Today, the only way in which the world can know the Father is in the ways in which we present the love of the Father by our words and by our actions. The onus and the imperative are on us if the world is to know the saving presence of God. We need to live ‘outside the box,’ extending our horizons beyond the temptations to interpret the writings which stand in the name of John exclusively. Exclusivity never will be a definition of community. Otherwise the coming of the Son, whose Spirit the Spirit of Pentecost is, is in vain because God shares with us in faith God’s community of being.
The triple encouragement of the Spirit to us is:
to recognize who we are;
to recognize that there is more to us than who we are now and what we know of ourselves;
to recognize that the full blossoming of who we shall be lies in the appearing of Christ.
Expressed more simply we are faced with the three challenges of : realism, of hopefulness and of surprise. This threefold expression of ourselves at our best ought to inspire us as we journey together with one another in the new definition of the community in the Spirit of Pentecost.

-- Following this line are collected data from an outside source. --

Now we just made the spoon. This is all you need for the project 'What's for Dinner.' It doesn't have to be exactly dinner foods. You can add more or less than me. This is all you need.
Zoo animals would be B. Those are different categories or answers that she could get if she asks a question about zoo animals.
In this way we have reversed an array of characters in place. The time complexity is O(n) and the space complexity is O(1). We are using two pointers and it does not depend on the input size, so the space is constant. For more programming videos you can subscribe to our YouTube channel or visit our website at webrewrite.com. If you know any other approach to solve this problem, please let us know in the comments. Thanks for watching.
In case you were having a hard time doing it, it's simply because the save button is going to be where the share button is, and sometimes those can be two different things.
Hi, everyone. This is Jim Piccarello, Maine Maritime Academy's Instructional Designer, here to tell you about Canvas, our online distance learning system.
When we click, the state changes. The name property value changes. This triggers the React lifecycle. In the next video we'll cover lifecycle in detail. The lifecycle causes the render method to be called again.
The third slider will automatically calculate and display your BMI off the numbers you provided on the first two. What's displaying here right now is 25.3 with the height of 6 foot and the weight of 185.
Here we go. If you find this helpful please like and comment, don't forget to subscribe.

Let us now look at all three of these.
Realism: too easy is it today for good people to think too little of themselves in the face of those who think too much of themselves.
Hopefulness: the future for too many is already a focus of failure when it ought to be a focus of expectation and expectancy combined.

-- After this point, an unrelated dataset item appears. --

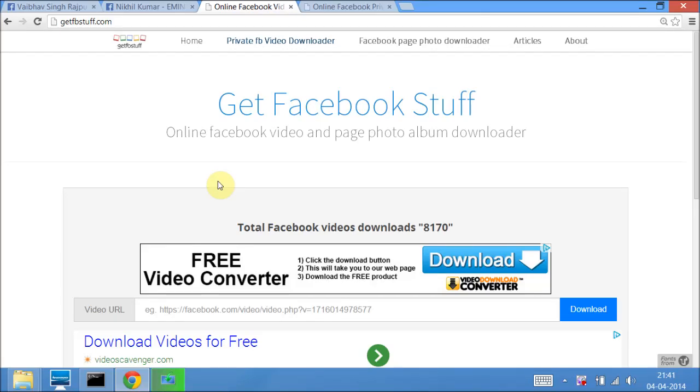Hello friends, today I'm going to tell you how to download Facebook videos online. Getfbstuff.com is an online Facebook video downloader and it also downloads page photo albums.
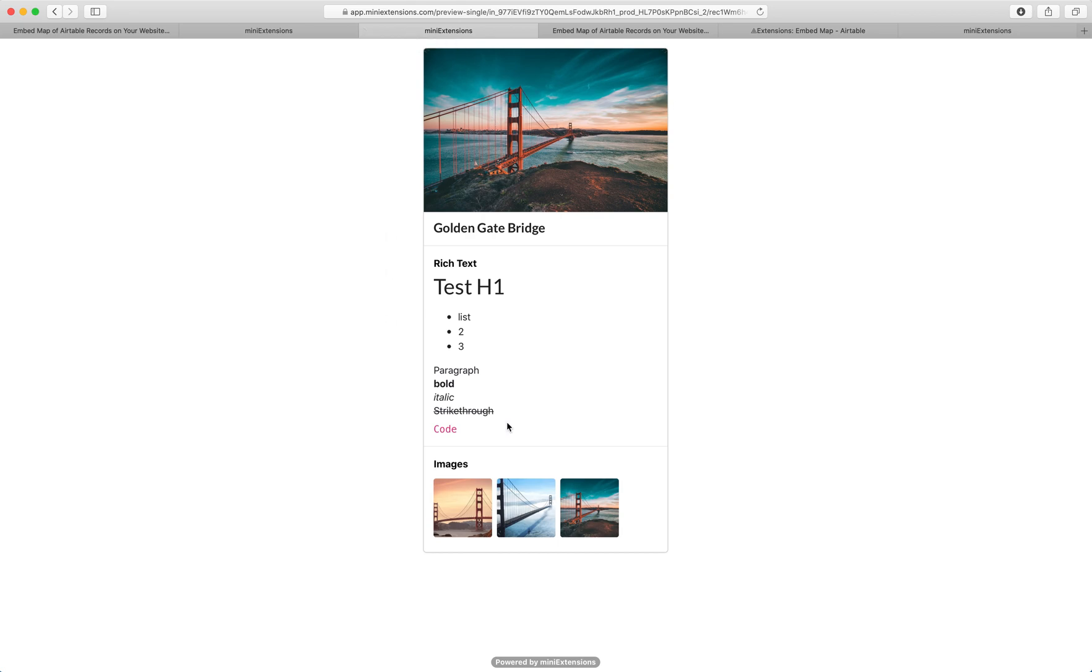If you're interested to get this extension that you're seeing right now, this is called the single record viewer.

Surprize: the prospect of seeing Christ as he is will reveal us to ourselves in yet another way. This goes beyond either our realism about ourselves or our hopefulness for the future. It carries both of these into the heart of the love of God. We shall become eternally the children of the heavenly Father because we shall be like Christ.
Pentecost invites us to live in the way of the Father in the Spirit of the Christ. The freedom from death, the life of resurrection brought to pass on Good Friday and Easter Day now spread their glory in the church for the world as fire and as wind and as a common language of love. The fire gives warmth and cleanses. The wind gives movement and freshness. The language of love gives the vital ingredient of talking and listening together, respect and regeneration.
The challenge for us in Ireland today is to be hopeful in being realistic, to be open to being surprised by the everyday, uncontrived expressions of goodness and of hospitality. We need to discern and to enjoy the unscripted blossomings of the best of the human in the nearness of the divine. Reconciliation, revisioning, reconnecting with those around us through the greater use of the word: we which is, after all, twice the size of the word: I - all of this is now something vital for a society where words are a more attractive option than actions. The use of: we gives room for, makes space for others. In the Spirit of Pentecost we need to use the word: we a lot more often and we need to use it together.
The white heat of Pentecost tempers while it burns, strengthens while it inspires. God dwells with his people in re-creation, in re-freshment, in re-surrection today and all days.